Des milliers de délégués du monde entier se rendent en Colombie pour un sommet visant à mettre fin à la destruction rapace de la nature par l’humanité, la ville hôte de Cali étant en état d’alerte élevée après les menaces des groupes de guérilla.
Le rassemblement à enjeux élevés de l’ONU sur la biodiversité devrait débuter lundi sous la protection de quelque 11 000 policiers et soldats colombiens, aidés par le personnel de sécurité de l’ONU et des États-Unis.

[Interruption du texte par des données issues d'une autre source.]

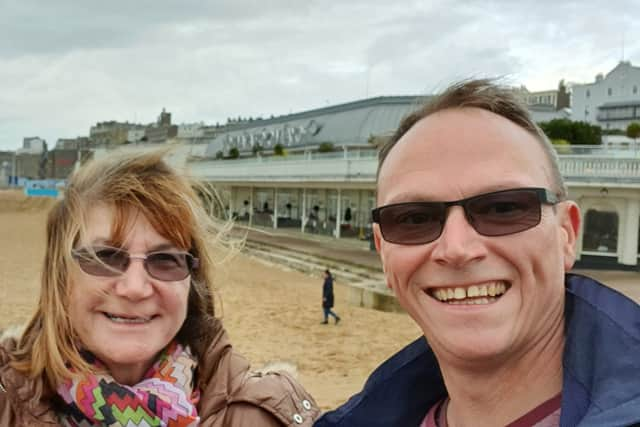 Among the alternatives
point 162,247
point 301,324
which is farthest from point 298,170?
point 162,247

Environ 12 000 délégués, dont 140 ministres et sept chefs d’État, devraient assister à la plus grande conférence mondiale sur la protection de la nature, qui se tient tous les deux ans.
La 16e Conférence des parties (COP16) à la Convention des Nations Unies sur la diversité biologique (CBD) se poursuivra jusqu’au 1er novembre.
Ayant pour thème « Paix avec la nature », il a pour tâche urgente de proposer des mécanismes de suivi et de financement pour garantir que les 23 objectifs de l’ONU convenus en 2022 pour « arrêter et inverser » la destruction des espèces pourront être atteints d’ici 2030.
Le groupe de guérilla colombien de gauche EMC a jeté une ombre sur l’événement en avertissant les délégations étrangères de rester à l’écart.
Le groupe a émis cette menace après avoir été la cible de raids militaires dans le département du Cauca, au sud-ouest du pays, où il est accusé de se livrer au trafic de drogue et à l’exploitation minière illégale.
Cali est la grande ville la plus proche du territoire contrôlé par EMC.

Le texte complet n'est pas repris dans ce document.